*What the exercise asks:* Pictures excluded, please retype exactly the lines from the start of the data through the line that contains "The Artistry Of", both ends kept, and nothing beyond them.

[Stored data]
......
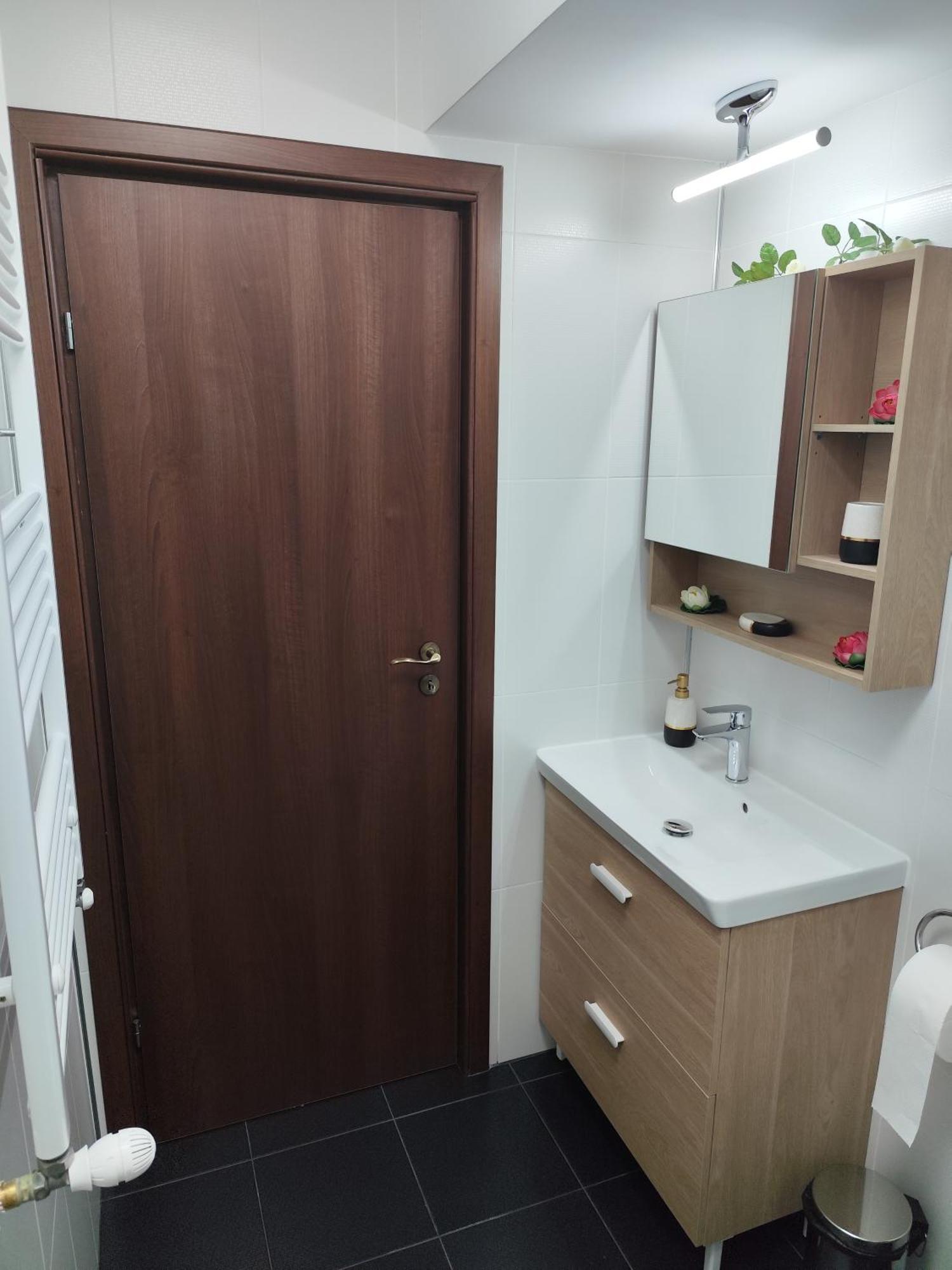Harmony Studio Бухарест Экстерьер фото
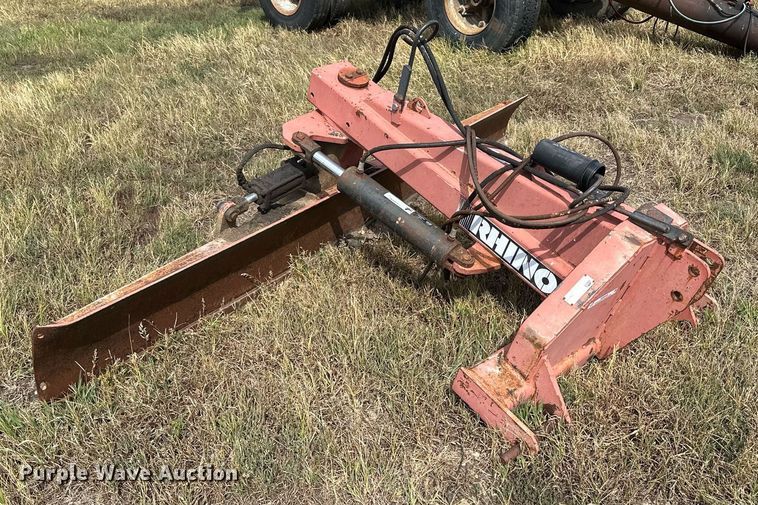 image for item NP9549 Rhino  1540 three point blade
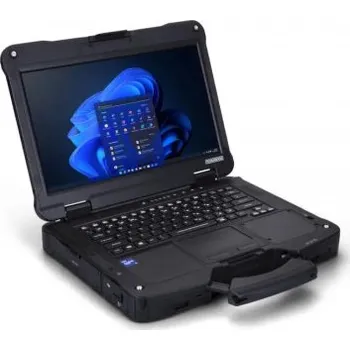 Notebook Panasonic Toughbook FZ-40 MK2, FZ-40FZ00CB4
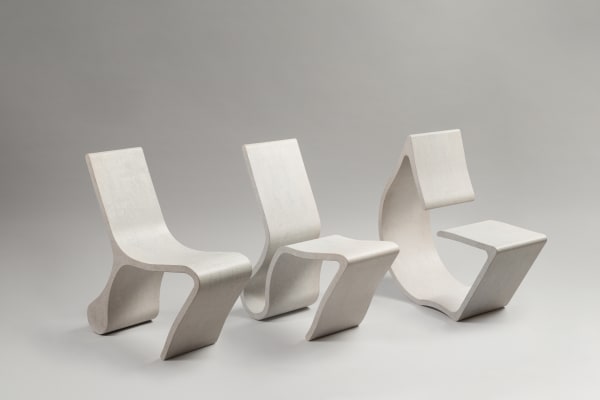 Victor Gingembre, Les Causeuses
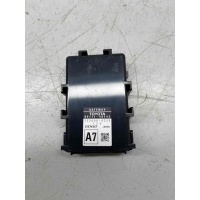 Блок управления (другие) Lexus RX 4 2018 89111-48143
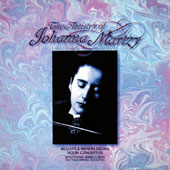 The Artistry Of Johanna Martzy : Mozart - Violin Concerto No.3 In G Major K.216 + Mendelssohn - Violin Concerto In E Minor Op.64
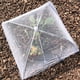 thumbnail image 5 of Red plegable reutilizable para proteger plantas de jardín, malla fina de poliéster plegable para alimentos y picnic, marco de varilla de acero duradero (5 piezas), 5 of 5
......
*Finished task:*
Harmony Studio Бухарест Экстерьер фото
 image for item NP9549 Rhino  1540 three point blade
 Notebook Panasonic Toughbook FZ-40 MK2, FZ-40FZ00CB4
 Victor Gingembre, Les Causeuses
 Блок управления (другие) Lexus RX 4 2018 89111-48143
 The Artistry Of Johanna Martzy : Mozart - Violin Concerto No.3 In G Major K.216 + Mendelssohn - Violin Concerto In E Minor Op.64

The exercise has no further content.